And into that noise, Paul did not say, “Win the argument.” He said something far more dangerous. Pursue peace. Not admire it. Not post about it. Not quote it in the morning and forget it by noon. Pursue it. Because peace, real peace, is not soft. It is surgical. It cuts through ego, pride, and the quiet need to be right. It removes something from you before it gives anything back.
We like to imagine peace as a warm room, a gentle hymn, a soft chair at the end of a long day. But Scripture presents something different. Peace is the moment you choose not to say the thing you rehearsed all night. It is the silence that feels like loss because you surrendered the final word. It is the discipline of stepping back when every part of you wants to step forward and prove a point. And if we are honest, that hurts.
There is a strange truth most of us avoid. We do not always want peace. We want victory that looks like peace. We want agreement that makes us feel validated. We want unity, as long as it forms around our version of truth. Paul saw that coming long before we did. He understood that a divided church would not collapse because of persecution from the outside, but because of pride on the inside. And so he wrote, not as a philosopher, but as a man who had been broken and rebuilt, “Let us therefore make every effort to do what leads to peace and to mutual edification.”
Every effort. Not when it is convenient. Not when the other person apologises first. Not when it costs nothing. Every effort. There is something almost uncomfortable about that standard. Because it means peace is no longer optional. It is not a personality trait reserved for the calm or the agreeable. It is a command. And commands do not wait for your mood.
Yet here is where it turns, where the blade becomes balm. Because the same peace that cuts also heals. The world teaches us to guard ourselves, to protect our image, to hold our ground at all costs. But Christ reveals something quieter and far stronger. That when you release the need to dominate, you gain the ability to build. When you let go of being right, you become useful. When you choose peace, you do not lose yourself, you finally become who you were meant to be.
There is even a kind of holy humour in it. The arguments that feel so large in the moment often shrink with time. The message you were determined to send, the look you were ready to give, the line you practised in your head, somehow, in the light of eternity, they feel… small. Almost laughable. Like bringing a sword to a conversation that only needed a chair. And maybe that is the smile we need today. Not a dismissive one, but a freeing one. The kind that says, “I do not need to win this.” The kind that loosens the grip we have on things that were never meant to define us.

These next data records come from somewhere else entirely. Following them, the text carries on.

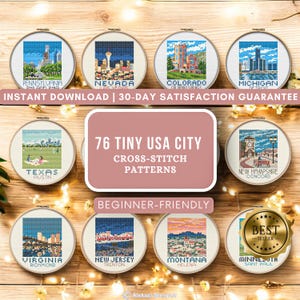 76 Mini USA Cities Cross Stitch Patterns PDF - American Town & State Designs - Travel Embroidery - Instant Download for Beginners - Bundle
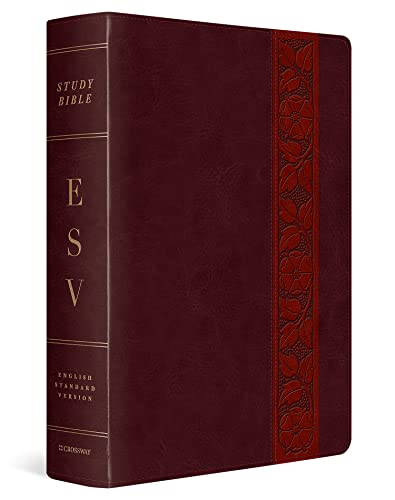 9781433545177: ESV Study Bible, Large Print: English Standard Version Mahogany Trutone Trellis Design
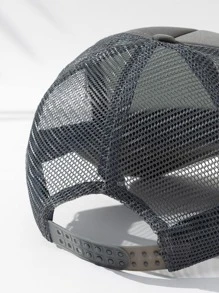 1入組中性熊圖案透氣卡車司機帽適合戶外 - 深灰色 - 查看 3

Because peace is not weakness. It is restraint under authority. It is strength that answers to something higher than emotion. So today, not in theory but in practice, ask the harder question. Not, “Am I right?” But, “Am I building?” Not, “Did I win?” But, “Did I leave something stronger behind me?” Because the measure of a life in Christ is not how many arguments you survived, but how many people were strengthened because you chose peace over pride.
“So then let us pursue what makes for peace and for mutual upbuilding.” Romans 14:19
Let’s Pray
God, You see the places in me that still want to win more than I want to love. Forgive me for the quiet pride that dresses itself as conviction. Teach my hands to build, not break. Teach my mouth to heal, not wound. And in the moments where peace feels like loss, remind me that You are forming something eternal in me. Let me walk into this day lighter, freer, and ready to choose peace, not because it is easy, but because it is Yours. In Christ’s name, Amen.